The initial tumor and the metastatic tumor are both cancers. If choriocarcinoma spreads to the lung, the cancer cells in the lung are choriocarcinoma cells. It's metastatic choriocarcinoma, not lung cancer.
Certain factors affect prognosis (chance of recovery) and treatment options.
Gestational trophoblastic disease usually can be cured. Treatment and prognosis depend on the following:
- Exactly the sort GTD.
- The extent to which the tumor has progressed to the uterus, lymph nodes, or other regions of the body.
- The number of tumors and their location in the body.
- The greatest tumor's size.
- The concentration of beta-hCG in the blood.
- When the tumor was discovered after the pregnancy began.
- Whether the GTD happened as a result of a molar pregnancy, a miscarriage, or a normal pregnancy.

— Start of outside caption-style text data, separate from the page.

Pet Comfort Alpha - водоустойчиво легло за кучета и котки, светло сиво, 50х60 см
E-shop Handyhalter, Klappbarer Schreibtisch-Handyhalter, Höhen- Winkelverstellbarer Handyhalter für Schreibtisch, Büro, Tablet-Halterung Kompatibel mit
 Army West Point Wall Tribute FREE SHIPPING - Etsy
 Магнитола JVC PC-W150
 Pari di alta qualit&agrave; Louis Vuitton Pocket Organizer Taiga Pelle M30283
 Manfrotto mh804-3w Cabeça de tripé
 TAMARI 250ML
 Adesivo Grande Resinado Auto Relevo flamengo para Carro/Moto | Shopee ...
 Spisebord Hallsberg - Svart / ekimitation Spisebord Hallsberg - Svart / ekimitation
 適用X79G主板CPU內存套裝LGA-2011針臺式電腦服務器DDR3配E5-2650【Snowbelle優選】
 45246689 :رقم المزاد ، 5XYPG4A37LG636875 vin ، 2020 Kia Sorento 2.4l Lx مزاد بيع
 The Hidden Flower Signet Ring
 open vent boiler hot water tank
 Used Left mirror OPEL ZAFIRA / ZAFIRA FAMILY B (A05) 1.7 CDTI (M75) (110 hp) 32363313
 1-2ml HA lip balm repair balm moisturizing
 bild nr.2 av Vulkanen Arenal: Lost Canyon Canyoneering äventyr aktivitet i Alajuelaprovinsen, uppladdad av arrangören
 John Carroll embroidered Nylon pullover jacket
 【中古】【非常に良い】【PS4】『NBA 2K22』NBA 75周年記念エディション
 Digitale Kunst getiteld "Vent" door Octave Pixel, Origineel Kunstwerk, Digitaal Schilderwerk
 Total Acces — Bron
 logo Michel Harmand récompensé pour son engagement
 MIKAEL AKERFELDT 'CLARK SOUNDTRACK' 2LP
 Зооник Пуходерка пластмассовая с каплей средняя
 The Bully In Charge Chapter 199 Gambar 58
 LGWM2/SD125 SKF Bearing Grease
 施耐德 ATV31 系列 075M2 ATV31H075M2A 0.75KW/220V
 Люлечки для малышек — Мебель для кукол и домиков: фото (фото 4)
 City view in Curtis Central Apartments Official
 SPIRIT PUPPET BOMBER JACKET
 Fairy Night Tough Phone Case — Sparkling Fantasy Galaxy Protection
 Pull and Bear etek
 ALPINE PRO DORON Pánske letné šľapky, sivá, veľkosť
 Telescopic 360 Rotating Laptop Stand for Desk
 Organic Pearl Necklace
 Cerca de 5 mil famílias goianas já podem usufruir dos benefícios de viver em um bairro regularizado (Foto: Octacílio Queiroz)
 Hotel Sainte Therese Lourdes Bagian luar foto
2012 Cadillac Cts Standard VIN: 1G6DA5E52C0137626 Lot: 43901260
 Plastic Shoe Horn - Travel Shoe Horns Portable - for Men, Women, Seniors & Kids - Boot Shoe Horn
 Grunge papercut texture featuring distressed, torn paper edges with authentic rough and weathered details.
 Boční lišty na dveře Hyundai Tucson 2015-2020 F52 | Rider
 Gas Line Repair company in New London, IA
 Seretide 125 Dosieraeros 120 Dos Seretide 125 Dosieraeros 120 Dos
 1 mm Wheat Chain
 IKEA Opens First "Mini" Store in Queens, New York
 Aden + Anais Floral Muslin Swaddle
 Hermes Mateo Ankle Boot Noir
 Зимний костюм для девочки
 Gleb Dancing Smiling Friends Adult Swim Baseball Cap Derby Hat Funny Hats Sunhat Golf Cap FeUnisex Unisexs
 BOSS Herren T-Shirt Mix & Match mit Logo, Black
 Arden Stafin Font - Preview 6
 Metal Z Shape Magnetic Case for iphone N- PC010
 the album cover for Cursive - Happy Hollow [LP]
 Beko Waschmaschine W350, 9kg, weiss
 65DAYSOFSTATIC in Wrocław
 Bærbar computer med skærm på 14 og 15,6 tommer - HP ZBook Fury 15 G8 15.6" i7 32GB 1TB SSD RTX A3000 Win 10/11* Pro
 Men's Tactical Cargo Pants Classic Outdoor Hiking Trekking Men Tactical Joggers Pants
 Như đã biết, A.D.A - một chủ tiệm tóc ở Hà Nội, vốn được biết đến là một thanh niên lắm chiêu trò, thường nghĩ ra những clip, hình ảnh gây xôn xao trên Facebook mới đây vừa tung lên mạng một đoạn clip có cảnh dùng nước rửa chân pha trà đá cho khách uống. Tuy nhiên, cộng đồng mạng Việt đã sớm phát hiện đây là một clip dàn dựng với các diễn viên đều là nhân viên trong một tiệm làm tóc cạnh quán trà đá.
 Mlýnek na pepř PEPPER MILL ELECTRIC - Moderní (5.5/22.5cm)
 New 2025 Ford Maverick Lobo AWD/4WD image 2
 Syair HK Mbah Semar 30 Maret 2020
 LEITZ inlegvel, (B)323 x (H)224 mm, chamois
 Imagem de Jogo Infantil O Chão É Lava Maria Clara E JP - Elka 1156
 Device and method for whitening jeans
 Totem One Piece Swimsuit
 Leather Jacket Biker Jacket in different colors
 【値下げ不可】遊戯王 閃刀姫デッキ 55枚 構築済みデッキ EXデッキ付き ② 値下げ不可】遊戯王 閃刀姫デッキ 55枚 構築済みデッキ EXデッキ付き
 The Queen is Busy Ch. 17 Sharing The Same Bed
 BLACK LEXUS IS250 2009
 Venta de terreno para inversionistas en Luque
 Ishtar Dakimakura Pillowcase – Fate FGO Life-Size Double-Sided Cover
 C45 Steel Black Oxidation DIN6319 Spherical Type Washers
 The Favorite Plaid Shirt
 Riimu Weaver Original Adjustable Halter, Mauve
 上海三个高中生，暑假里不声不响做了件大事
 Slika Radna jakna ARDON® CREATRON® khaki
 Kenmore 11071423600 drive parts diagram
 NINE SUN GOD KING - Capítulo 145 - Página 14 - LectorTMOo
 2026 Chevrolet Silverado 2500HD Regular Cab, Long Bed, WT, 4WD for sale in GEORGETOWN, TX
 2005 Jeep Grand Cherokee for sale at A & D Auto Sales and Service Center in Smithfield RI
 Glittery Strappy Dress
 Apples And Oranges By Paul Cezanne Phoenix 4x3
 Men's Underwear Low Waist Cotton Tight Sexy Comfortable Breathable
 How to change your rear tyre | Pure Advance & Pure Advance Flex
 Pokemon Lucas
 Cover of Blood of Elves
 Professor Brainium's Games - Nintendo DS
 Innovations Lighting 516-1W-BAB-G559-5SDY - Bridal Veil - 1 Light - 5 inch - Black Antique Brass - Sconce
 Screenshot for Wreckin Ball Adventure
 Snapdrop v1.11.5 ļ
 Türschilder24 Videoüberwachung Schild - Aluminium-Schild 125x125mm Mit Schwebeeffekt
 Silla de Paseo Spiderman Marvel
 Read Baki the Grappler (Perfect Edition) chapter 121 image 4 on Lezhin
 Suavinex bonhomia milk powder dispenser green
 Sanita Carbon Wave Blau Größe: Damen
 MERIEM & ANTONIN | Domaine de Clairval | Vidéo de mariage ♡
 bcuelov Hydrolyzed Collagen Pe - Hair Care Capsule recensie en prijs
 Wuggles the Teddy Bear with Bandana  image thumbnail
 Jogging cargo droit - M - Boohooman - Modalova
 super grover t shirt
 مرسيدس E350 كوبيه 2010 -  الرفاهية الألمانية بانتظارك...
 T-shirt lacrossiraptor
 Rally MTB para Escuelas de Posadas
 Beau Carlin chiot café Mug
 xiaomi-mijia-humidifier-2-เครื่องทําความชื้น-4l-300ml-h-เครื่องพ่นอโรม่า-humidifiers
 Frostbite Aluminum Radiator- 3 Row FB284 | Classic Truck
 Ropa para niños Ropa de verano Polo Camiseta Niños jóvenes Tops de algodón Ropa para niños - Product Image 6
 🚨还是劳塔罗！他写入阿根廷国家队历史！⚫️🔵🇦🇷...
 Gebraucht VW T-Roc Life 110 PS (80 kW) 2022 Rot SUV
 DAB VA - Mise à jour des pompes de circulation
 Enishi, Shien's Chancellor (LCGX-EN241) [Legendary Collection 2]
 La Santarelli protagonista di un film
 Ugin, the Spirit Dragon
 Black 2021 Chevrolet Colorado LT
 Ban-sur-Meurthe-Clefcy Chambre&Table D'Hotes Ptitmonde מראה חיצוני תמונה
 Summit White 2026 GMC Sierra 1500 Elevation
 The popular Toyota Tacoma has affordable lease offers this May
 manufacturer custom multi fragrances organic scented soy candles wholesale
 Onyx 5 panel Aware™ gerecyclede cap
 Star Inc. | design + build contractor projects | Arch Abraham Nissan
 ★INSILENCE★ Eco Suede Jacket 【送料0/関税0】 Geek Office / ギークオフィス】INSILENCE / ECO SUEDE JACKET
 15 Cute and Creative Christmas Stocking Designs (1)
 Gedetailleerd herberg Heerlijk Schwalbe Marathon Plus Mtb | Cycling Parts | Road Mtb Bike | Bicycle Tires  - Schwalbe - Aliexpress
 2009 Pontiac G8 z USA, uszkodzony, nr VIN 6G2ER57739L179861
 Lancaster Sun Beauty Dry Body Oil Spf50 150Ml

- Treatment for pregnant trophoblastic neoplasia in the past.
Treatment options also depend on whether the woman wishes to become pregnant in the future.
An interprofessional team, including nurses and pharmacists, is ideally suited to managing GTD. Patients with molar pregnancies should be closely watched for problems such as hyperthyroidism, pre-eclampsia, and ovarian theca lutein cysts.
Although uterine hyperthyroidism should disappear after uterine evacuation, patients may require beta-adrenergic blocking drugs before to anesthesia to counteract the effects of thyroid storm. Pre-eclampsia also resolves swiftly once the uterus is evacuated. Theca lutein cysts will regress on their own when beta-HCG levels diminish. Patients must, however, be informed about the signs and symptoms of ovarian torsion and burst ovarian cysts.